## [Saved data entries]
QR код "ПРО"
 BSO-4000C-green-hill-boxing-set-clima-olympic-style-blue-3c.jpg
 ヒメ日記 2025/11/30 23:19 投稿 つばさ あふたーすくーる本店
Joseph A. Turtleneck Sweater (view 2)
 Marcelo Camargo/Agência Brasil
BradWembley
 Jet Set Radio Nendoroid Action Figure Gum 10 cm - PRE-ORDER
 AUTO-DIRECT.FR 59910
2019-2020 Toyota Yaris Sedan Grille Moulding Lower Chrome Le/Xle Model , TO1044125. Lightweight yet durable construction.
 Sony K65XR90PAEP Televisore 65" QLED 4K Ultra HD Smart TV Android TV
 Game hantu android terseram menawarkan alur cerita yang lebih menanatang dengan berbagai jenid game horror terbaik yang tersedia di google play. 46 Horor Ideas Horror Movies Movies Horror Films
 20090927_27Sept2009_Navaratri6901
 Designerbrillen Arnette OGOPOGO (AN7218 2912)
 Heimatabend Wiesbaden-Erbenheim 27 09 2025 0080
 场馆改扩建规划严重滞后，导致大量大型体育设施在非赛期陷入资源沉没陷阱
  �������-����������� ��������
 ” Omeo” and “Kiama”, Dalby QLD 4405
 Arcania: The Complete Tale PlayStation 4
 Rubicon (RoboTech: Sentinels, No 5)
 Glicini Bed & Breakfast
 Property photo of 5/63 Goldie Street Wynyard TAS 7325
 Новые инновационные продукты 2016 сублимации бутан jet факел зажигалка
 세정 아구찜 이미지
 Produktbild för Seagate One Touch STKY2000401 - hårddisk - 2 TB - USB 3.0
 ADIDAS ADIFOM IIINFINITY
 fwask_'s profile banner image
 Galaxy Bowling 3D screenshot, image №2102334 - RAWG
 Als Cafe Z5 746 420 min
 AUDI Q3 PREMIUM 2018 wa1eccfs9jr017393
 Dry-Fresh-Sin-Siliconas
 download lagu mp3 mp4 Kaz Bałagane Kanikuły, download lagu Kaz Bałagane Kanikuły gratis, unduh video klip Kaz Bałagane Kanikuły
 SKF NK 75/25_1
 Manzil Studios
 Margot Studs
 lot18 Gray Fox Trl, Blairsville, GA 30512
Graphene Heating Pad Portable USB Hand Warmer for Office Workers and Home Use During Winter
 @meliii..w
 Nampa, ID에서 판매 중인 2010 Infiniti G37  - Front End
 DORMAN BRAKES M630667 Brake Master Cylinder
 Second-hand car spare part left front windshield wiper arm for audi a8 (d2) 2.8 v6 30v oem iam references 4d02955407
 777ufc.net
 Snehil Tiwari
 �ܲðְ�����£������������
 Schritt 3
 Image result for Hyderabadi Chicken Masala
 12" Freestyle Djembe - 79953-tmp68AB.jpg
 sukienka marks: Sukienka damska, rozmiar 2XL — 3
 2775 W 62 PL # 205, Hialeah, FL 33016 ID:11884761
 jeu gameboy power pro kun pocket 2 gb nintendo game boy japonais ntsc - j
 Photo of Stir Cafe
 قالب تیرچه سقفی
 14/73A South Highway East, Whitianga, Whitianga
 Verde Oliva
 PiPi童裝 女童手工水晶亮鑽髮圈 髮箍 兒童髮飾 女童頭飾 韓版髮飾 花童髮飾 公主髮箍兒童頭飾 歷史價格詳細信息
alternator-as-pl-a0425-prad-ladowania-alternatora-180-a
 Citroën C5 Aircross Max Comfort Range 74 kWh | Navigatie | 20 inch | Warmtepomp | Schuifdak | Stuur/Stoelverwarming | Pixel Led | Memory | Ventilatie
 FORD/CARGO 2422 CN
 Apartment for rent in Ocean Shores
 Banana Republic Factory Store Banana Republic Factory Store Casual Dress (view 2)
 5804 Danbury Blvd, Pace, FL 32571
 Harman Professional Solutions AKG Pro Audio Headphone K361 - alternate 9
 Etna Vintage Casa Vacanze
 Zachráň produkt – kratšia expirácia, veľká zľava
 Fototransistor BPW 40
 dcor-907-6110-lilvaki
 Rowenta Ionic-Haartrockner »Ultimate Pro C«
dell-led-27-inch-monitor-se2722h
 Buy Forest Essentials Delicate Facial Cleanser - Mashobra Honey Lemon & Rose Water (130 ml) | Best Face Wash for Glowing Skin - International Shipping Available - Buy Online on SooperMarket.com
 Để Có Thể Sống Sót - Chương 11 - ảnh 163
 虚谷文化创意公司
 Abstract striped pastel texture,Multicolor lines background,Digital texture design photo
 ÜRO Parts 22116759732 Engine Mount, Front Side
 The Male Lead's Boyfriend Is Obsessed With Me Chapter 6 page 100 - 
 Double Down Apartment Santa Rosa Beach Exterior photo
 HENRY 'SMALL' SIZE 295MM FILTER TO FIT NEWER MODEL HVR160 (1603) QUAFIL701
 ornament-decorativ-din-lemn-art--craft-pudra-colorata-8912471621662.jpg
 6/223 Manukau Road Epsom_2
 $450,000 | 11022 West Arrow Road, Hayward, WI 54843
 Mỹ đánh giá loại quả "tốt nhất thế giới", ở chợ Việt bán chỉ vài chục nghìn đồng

## [Exercise details]
Retype, exactly as written, each line from the one that has "HENRY 'SMALL' SIZE" to the bottom of the entries above, and include both of those lines.

## [Expected answer]
 HENRY 'SMALL' SIZE 295MM FILTER TO FIT NEWER MODEL HVR160 (1603) QUAFIL701
 ornament-decorativ-din-lemn-art--craft-pudra-colorata-8912471621662.jpg
 6/223 Manukau Road Epsom_2
 $450,000 | 11022 West Arrow Road, Hayward, WI 54843
 Mỹ đánh giá loại quả "tốt nhất thế giới", ở chợ Việt bán chỉ vài chục nghìn đồng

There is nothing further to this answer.